## [Task inputs]
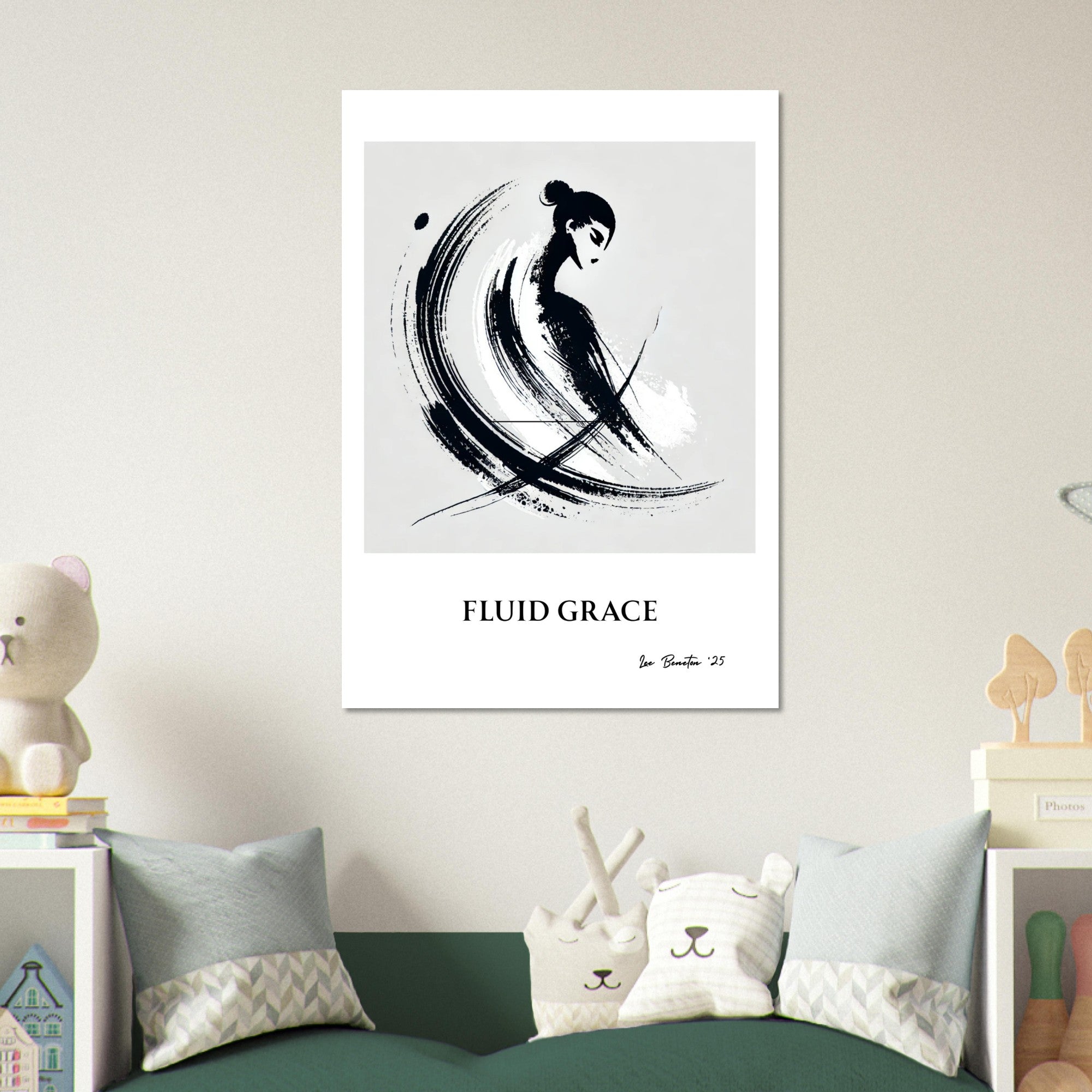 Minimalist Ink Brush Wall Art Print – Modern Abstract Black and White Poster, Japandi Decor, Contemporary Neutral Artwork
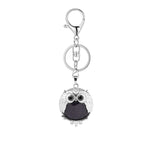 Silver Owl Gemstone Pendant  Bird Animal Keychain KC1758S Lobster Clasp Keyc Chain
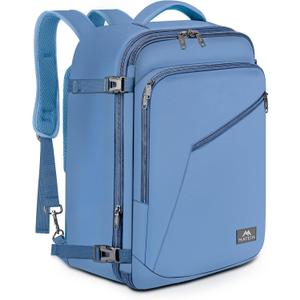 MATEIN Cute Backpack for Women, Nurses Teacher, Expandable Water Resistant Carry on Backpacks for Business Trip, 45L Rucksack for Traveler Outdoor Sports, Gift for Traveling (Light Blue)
---
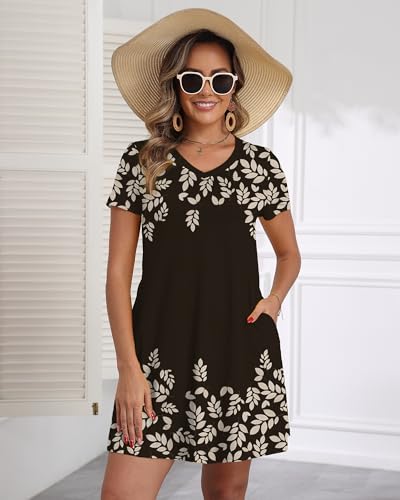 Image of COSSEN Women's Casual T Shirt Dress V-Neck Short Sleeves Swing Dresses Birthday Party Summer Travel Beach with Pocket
...
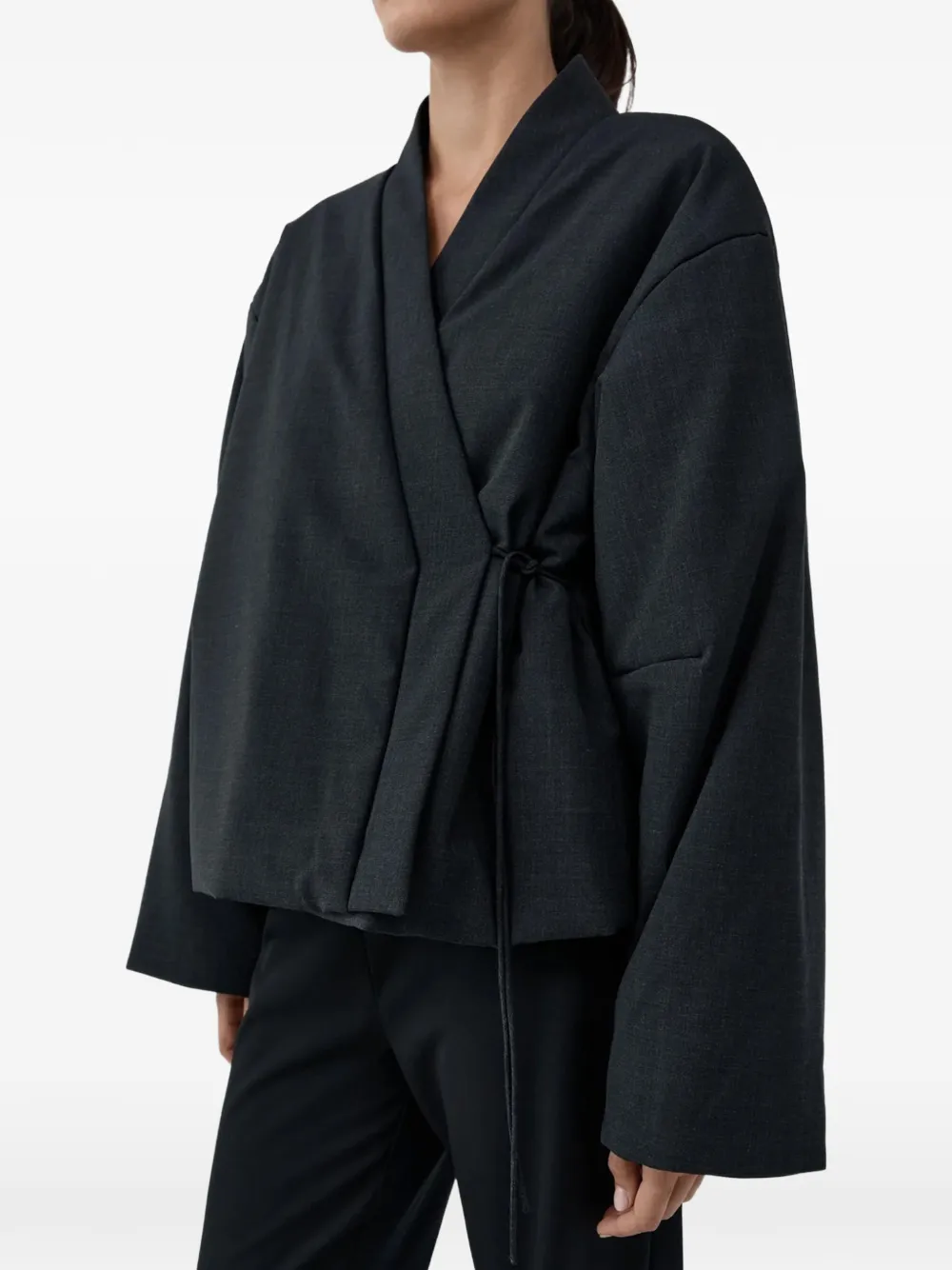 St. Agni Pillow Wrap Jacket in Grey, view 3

## [What needs to be done]
For this exercise, reproduce exactly the lines of the records above from the one with "Minimalist Ink Brush" up to and including the one with "MATEIN Cute Backpack", without pictures.

## [Result for this task]
 Minimalist Ink Brush Wall Art Print – Modern Abstract Black and White Poster, Japandi Decor, Contemporary Neutral Artwork
 Silver Owl Gemstone Pendant  Bird Animal Keychain KC1758S Lobster Clasp Keyc Chain
 MATEIN Cute Backpack for Women, Nurses Teacher, Expandable Water Resistant Carry on Backpacks for Business Trip, 45L Rucksack for Traveler Outdoor Sports, Gift for Traveling (Light Blue)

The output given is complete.